Web page caption snippets:
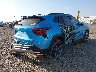 KL77LHEP7SC****** Salvamento y Destrozados 2025 Chevrolet Trax en Estado de Texas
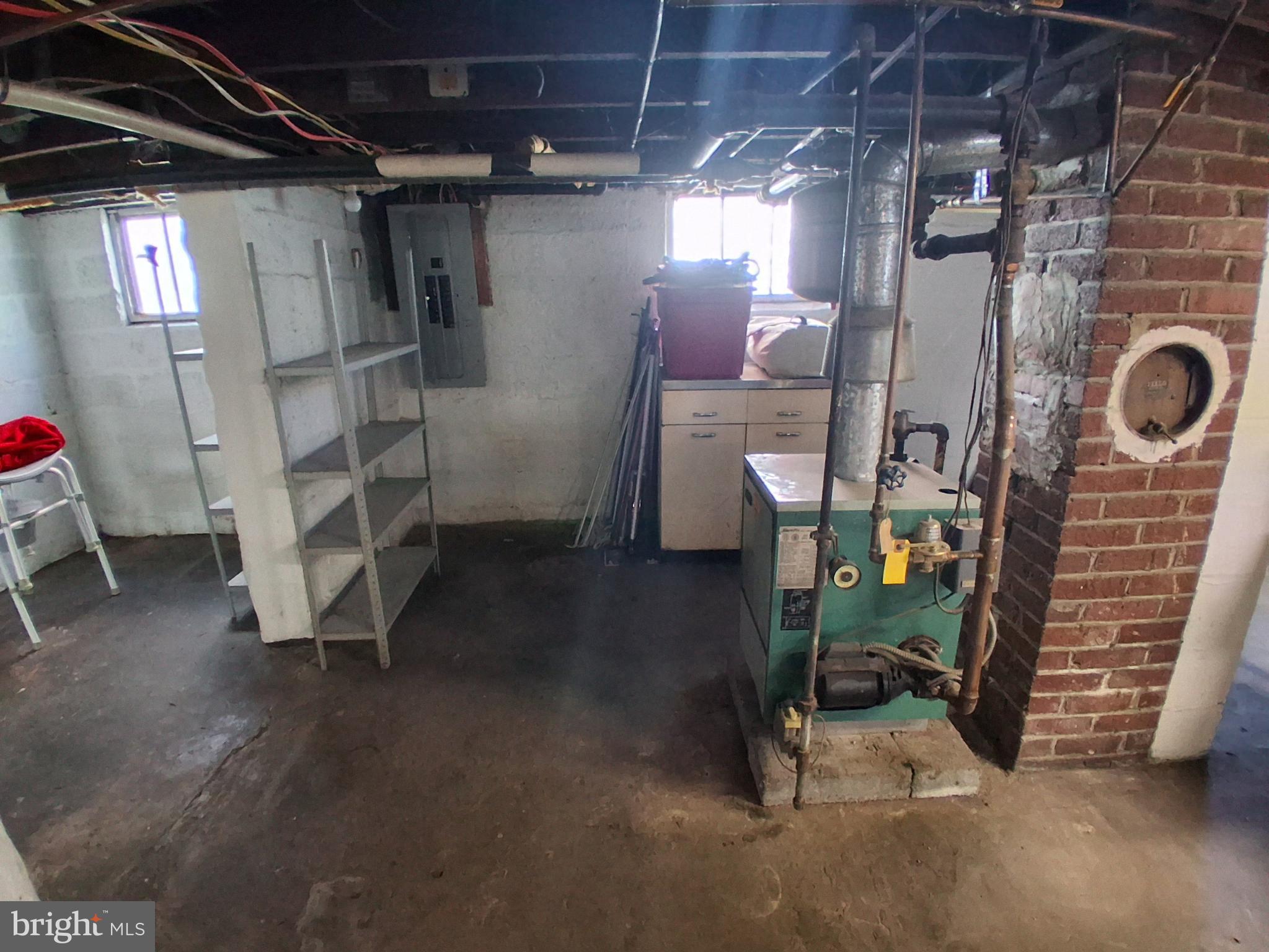 NORTH END - Residential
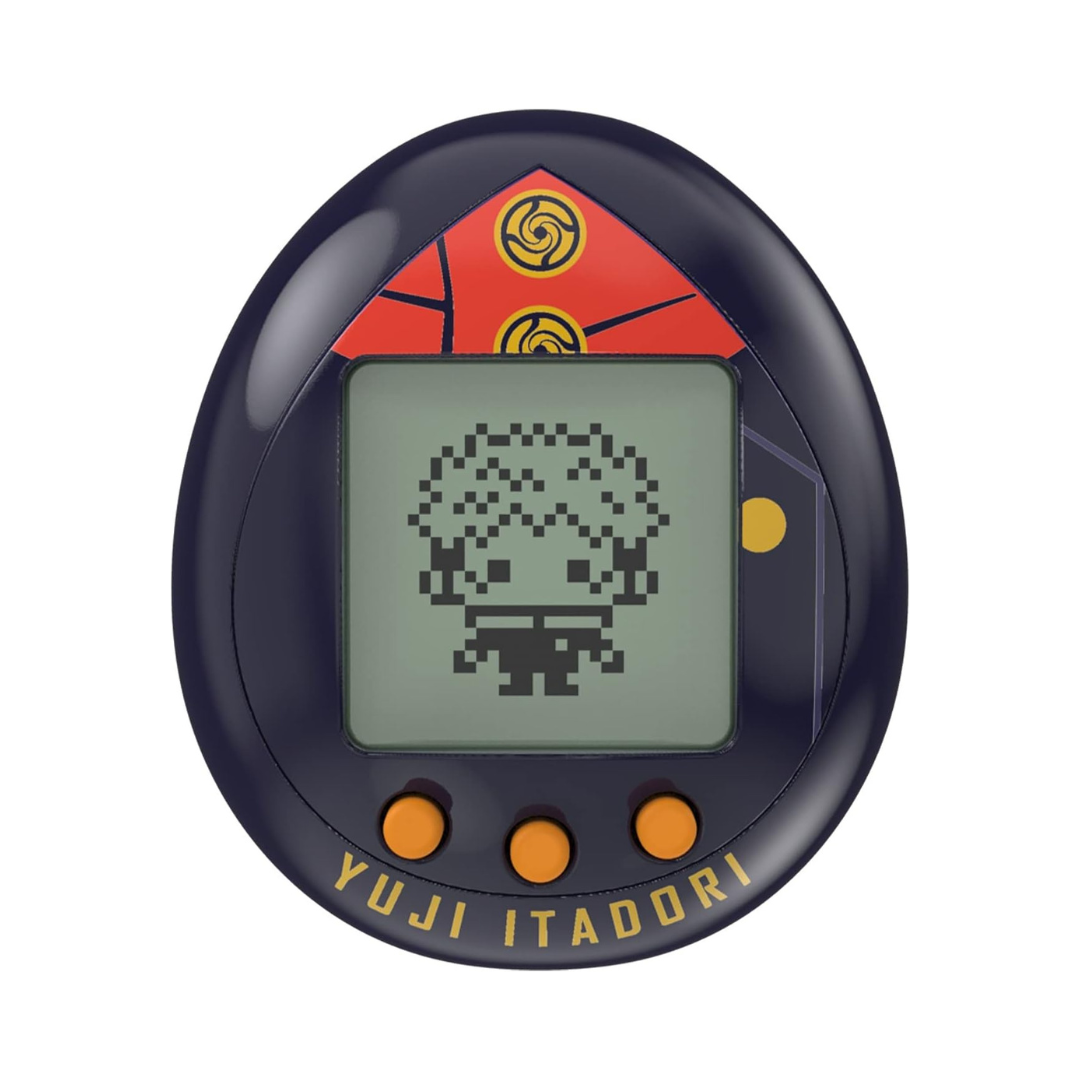 TAMAGOTCHI YUJI ITADORI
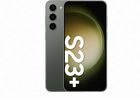 Samsung Galaxy S23+ 5G SM-S916 8/256GB Zielony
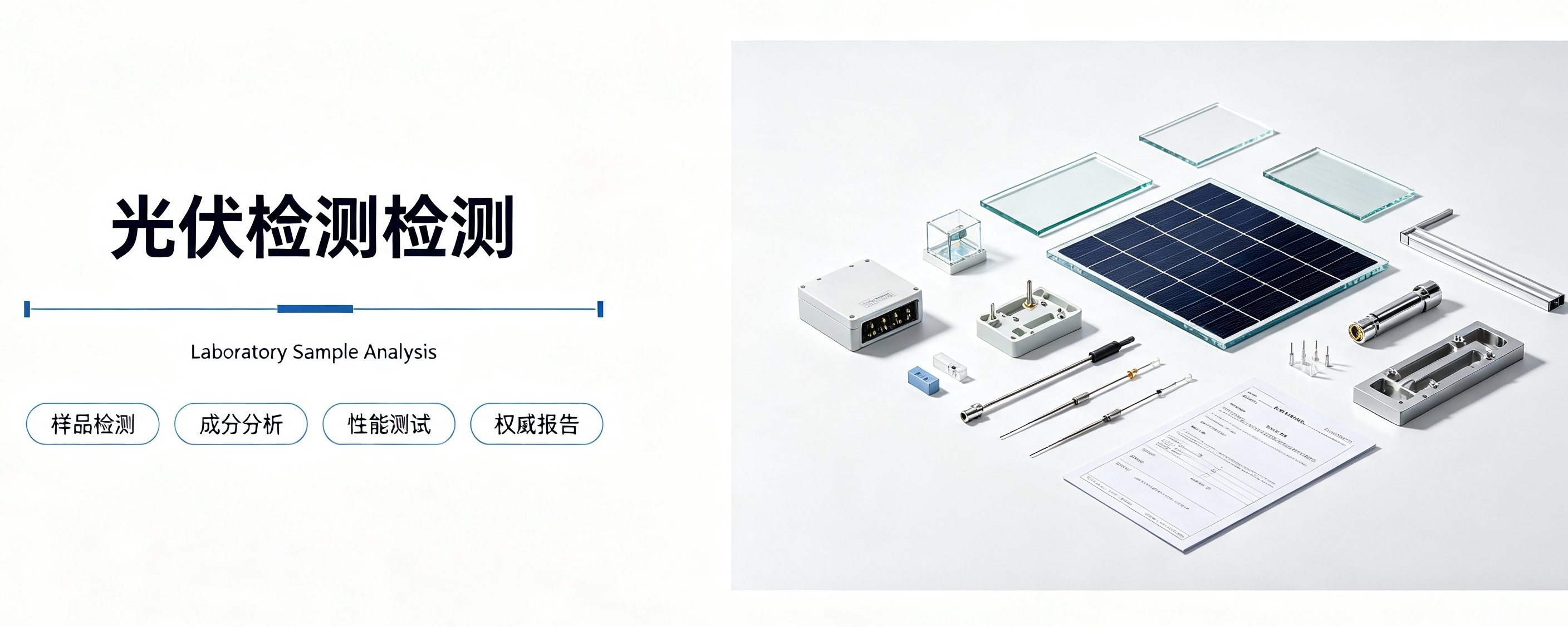 光伏检测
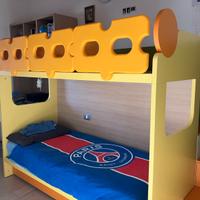 Cameretta bambini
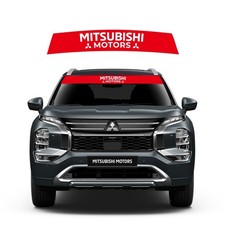 Pare-brise Mitsubishi OUTLANDER
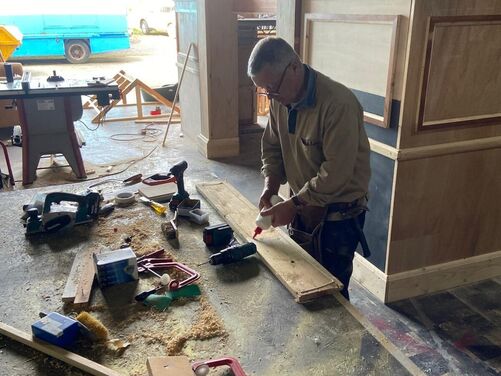Stills Gallery | Not Just Props Hertfordshire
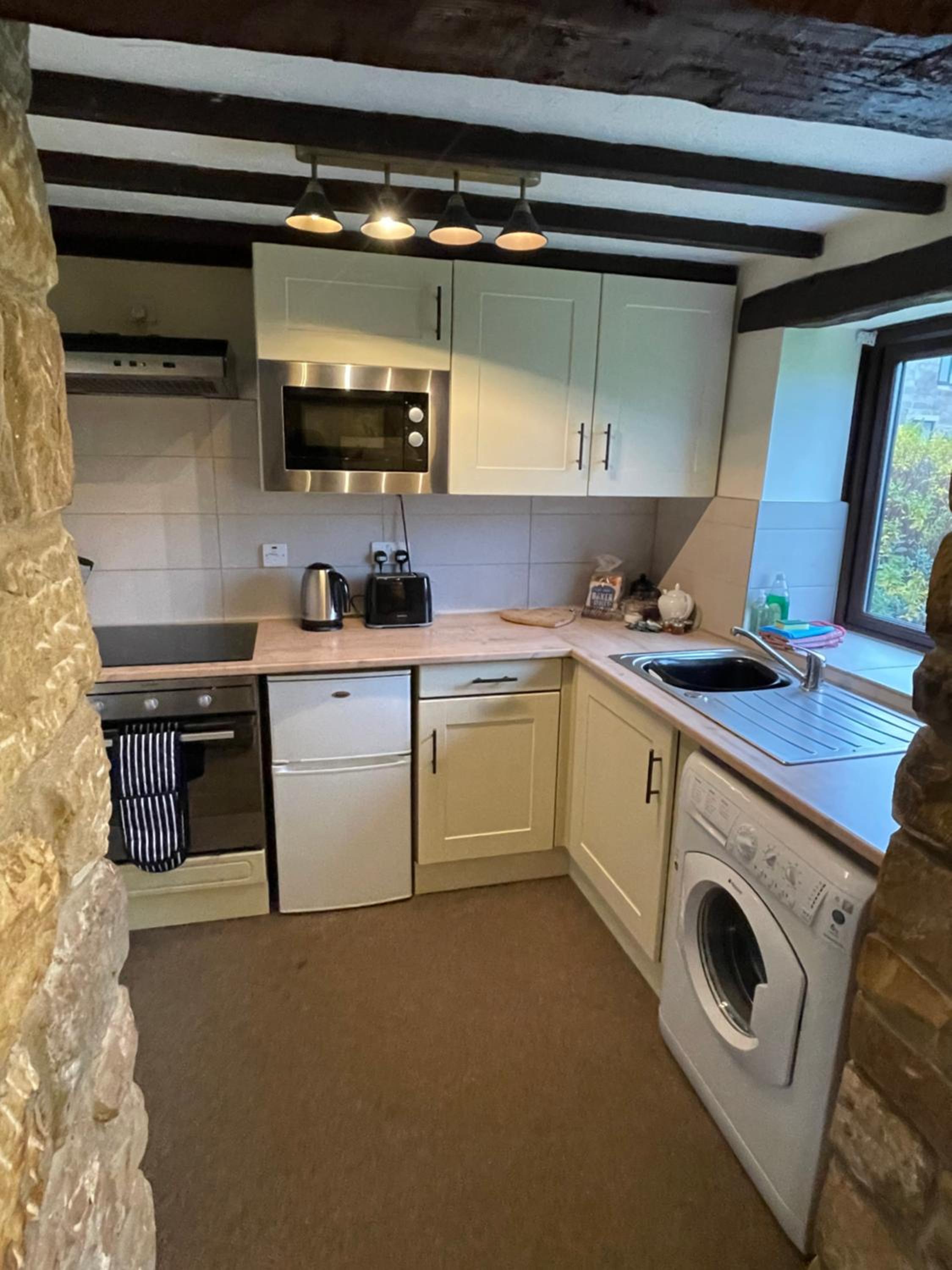 Craven Garth Cottages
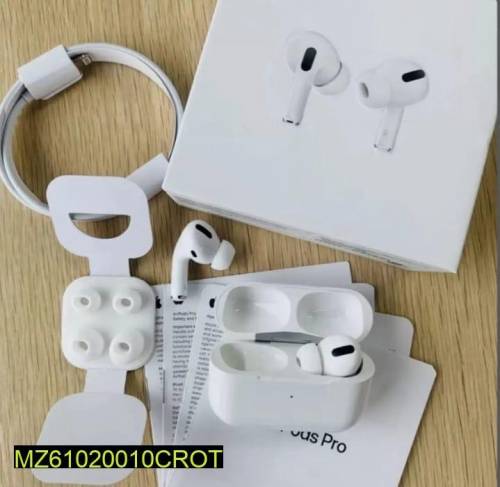 AirPod pro 2 generation airbads bluetooth headphone iPhone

**Brief**
The reply needs to repeat exactly the line containing "Pare-brise Mitsubishi OUTLANDER" and each line after it, through the final line of the entries above, and to skip the pictures.

**Answer section**
 Pare-brise Mitsubishi OUTLANDER
Stills Gallery | Not Just Props Hertfordshire
 Craven Garth Cottages
 AirPod pro 2 generation airbads bluetooth headphone iPhone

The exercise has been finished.